The black top went out of the door so quickly that I didn’t get a picture of it, but M has worn it twice already and says it is her favorite version of New Look 6027 so far.  I did find a picture of the batik version, though:

Both the batik and the green knit I sewed on today came from our jaunt to Fabrix  a few years ago.  I don’t go into The City very often because the traffic makes you want to pull your hair out, and you can forget about the parking unless a miracle happens.  I bought three packages of the batik and have now sewn it all.  I used it for this top, a Weekender bag, and bag lining for the purse that she took to Disneyland.  Oh, and that sunbonnet from the leftovers.

Today was a quick sew to make a lightweight top for M to wear in the summer.  We are amazed that we have been having such wonderful mild weather here in sunny California compared to the horrors being suffered in other parts of the country.  This green knitted fabric is fairly thin but still opaque.  It wasn’t too hard to sew, but I felt the inset yoke part needed some fortification, so I both lined and interlined it.

The top should look fine on M though it hangs strangely on Madame Merp, the duct-tape double.  The neckline and armholes are finished with binding.

Here’s the lined yoke piece:

The picture above shows the double line of topstitching done on the front side that holds the lining down flatter.  For both of these versions of the top, I put the yoke inset center on a fold and cut it out as one piece.  We have also adjusted the neckline height until it suits M and is still easy to pull over the head.
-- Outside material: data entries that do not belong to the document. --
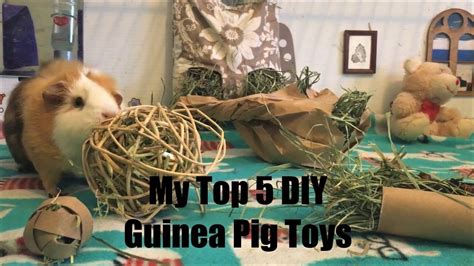 Homemade Guinea Pig Chew Toys | Wow Blog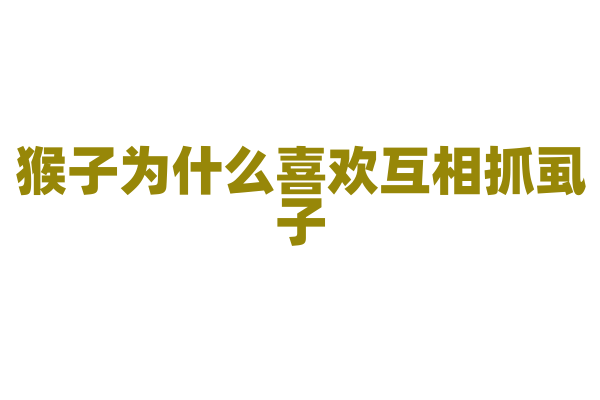 猴子为什么喜欢互相抓虱子，真的是在抓虱子吗？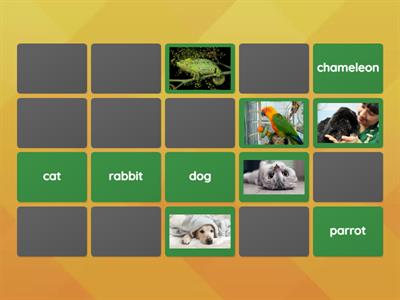 PETS MATCHING GAME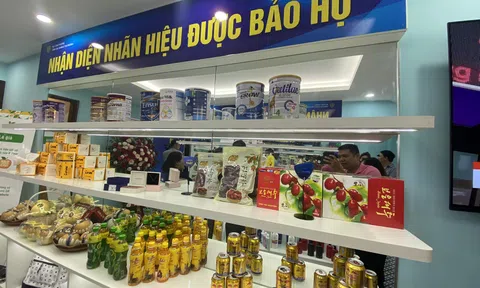 Mở cửa phòng trưng bày “Nhận diện nhãn hiệu được bảo hộ” tại Hà Nội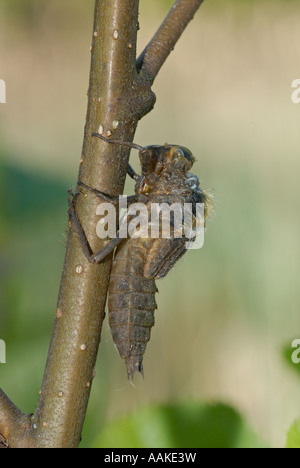 A Four-Spotted Chaser (Libellula quadrimaculata) is about to emerge... Stock Photo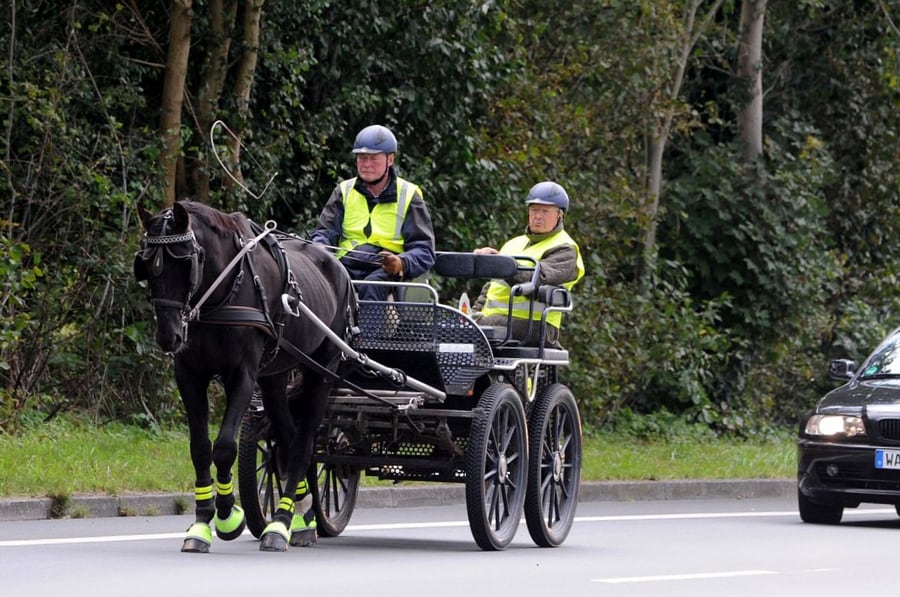 Fahrsport Lehrgang Foto FN-Archiv Lehmann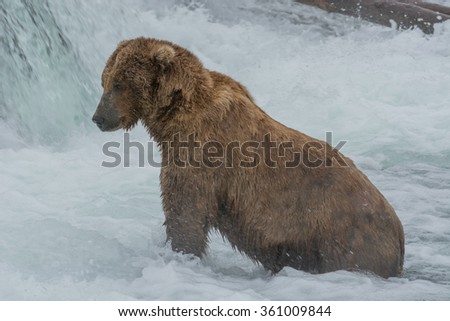 A grizzly bear catches salmon in the shallow waters at the base of a waterfall during the annual salmon run - Brook Falls - Alaska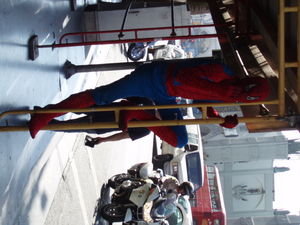 Spider man on Hollywood Blvd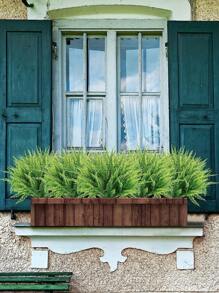 2/6/12pcs Artificial Plant Green Seven-Fork Equisetum, Artificial Fern Vertical Plant, Wall Decor Greenery, Front Door & Yard Decor, Flower Bed & Garden Path Decor, Summer Party Decor, Backyard Decoration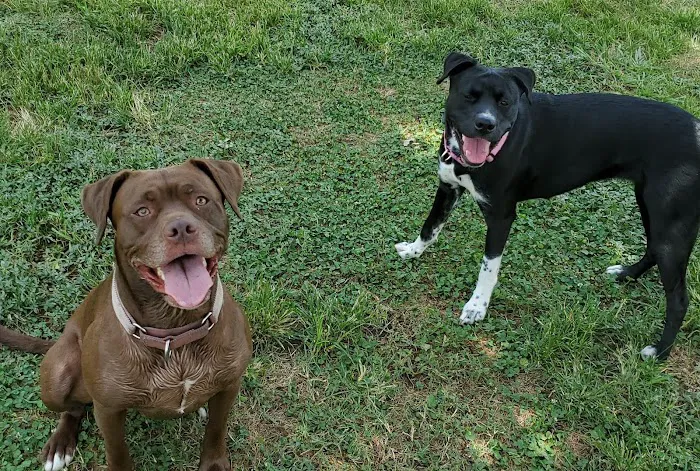 Round Rock Dog Depot 5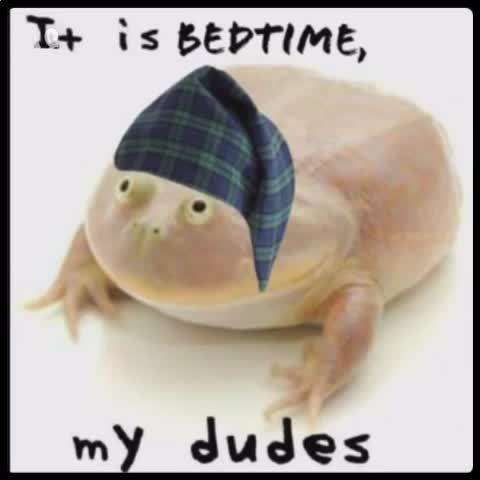 It Is Wednesday, My Dudes It Is Wednesday, My Dudes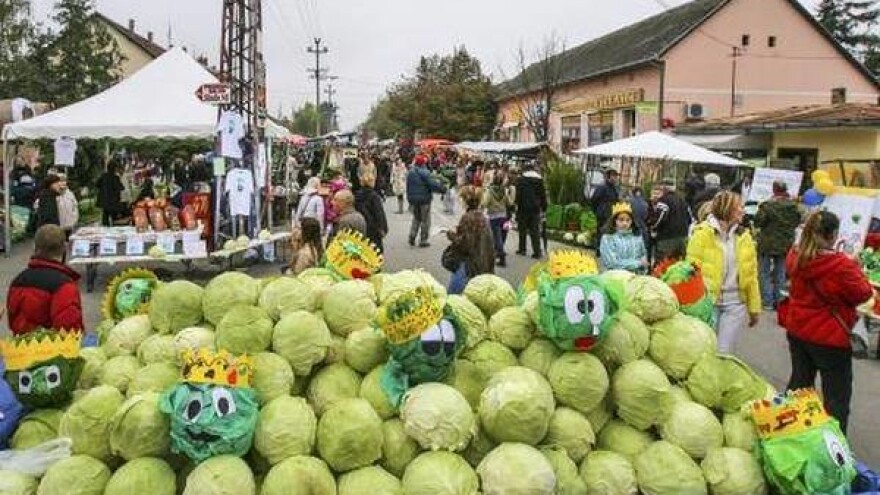 Futoška kupusijada - posvećena autohtonoj sorti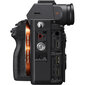 Sony täiskaader hübriidkaamera a7RM4A kere, must ILCE-7RM4AB : ILCE7RM4AB.CEC hind ja info | Fotoaparaadid | hansapost.ee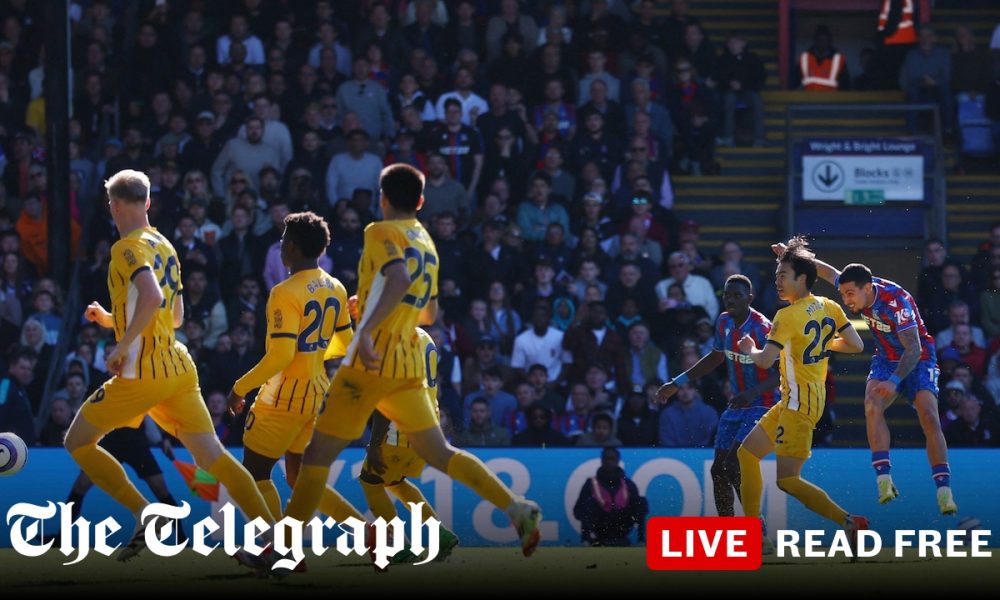 Nine-man Crystal Palace hold off Brighton in chaotic victory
New Look 6027 is becoming one of my most-used patterns.  I think what makes it such a good pattern is the drafting.  The side seams have a nice curve to them, and the back center also has a curve that keeps the casual top from being too loose and voluminous, so it is flattering for a wide variety of figure types including plus-sized girls.  I know that this is not the last version of this pattern that I will make.